Implementing "A Generative Theory of Tonal Music",
Masatoshi Hamanaka, Keiji Hirata and Satoshi Tojo
Abstract:
This paper proposes a music analysing system called the automatic
time-span tree analyser (ATTA). ATTA derives a time-span tree that
assigns a hierarchy of "structural importance" to the notes of a piece
of music based on the generative theory of tonal music
(GTTM). Although the time-span tree has been applied in music
summarization and collaborative music creation systems, these systems
use time-span trees manually analysed by experts in musicology.
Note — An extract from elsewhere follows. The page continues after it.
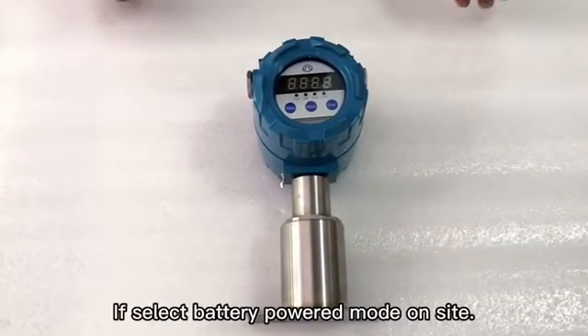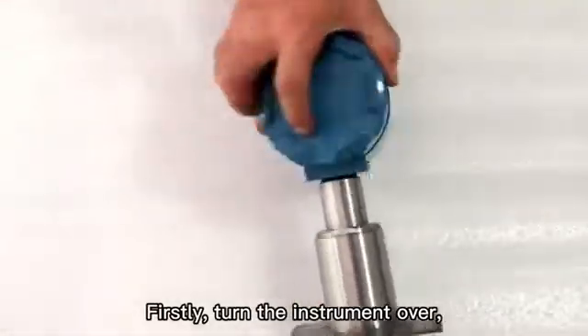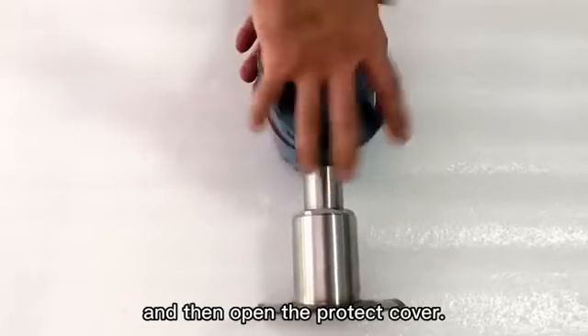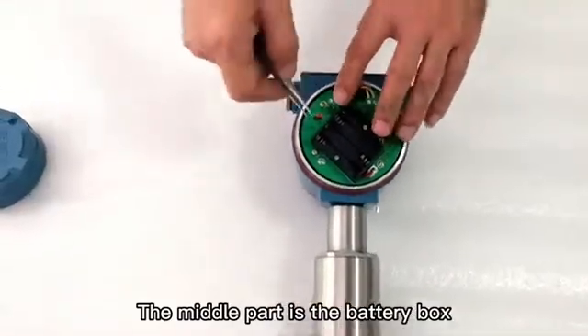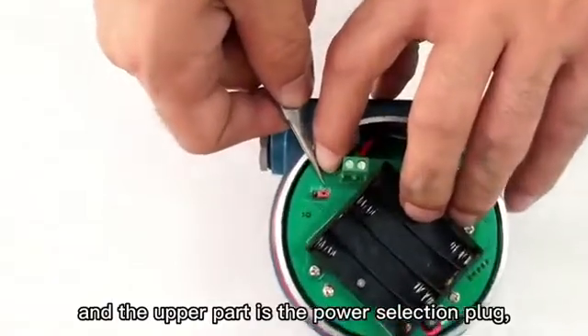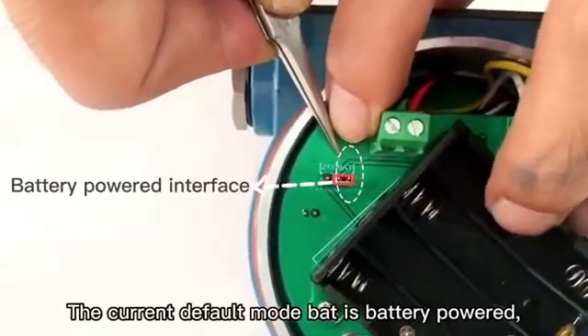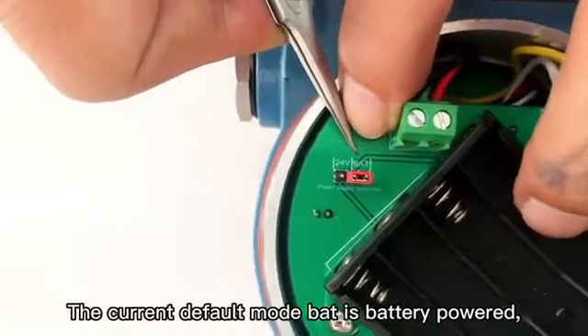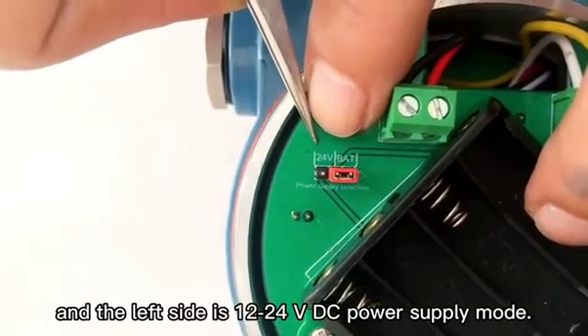If selecting battery powered mode on site, firstly turn the instrument over and open the protect cover. The middle part is the battery box and the upper part is the power selection plug. The current default mode BAT is battery powered, and the left side is 12-24 VDC power supply mode.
Current systems based on GTTM cannot acquire a time-span tree without
manual application of most of the rules, since GTTM does not resolve
much of the ambiguity involved in the application of the rules. To
solve this problem, we propose a novel computational model of GTTM
that re-formalizes the rules through a computer implementation. The
main advantage of our approach is thatwe can introduce adjustable
parameters, which enables us to assign priorities to the rules. Our
analyser automatically acquires time-span trees by configuring the
parameters that cover 17 out of 26 GTTM rules for constructing a
time-span tree. Experimental results show that after these parameters
were tuned, our method could outperform a baseline performance. We
hope to distribute the time-span tree analyser as a tool for various
musical tasks, such as searching and arranging music.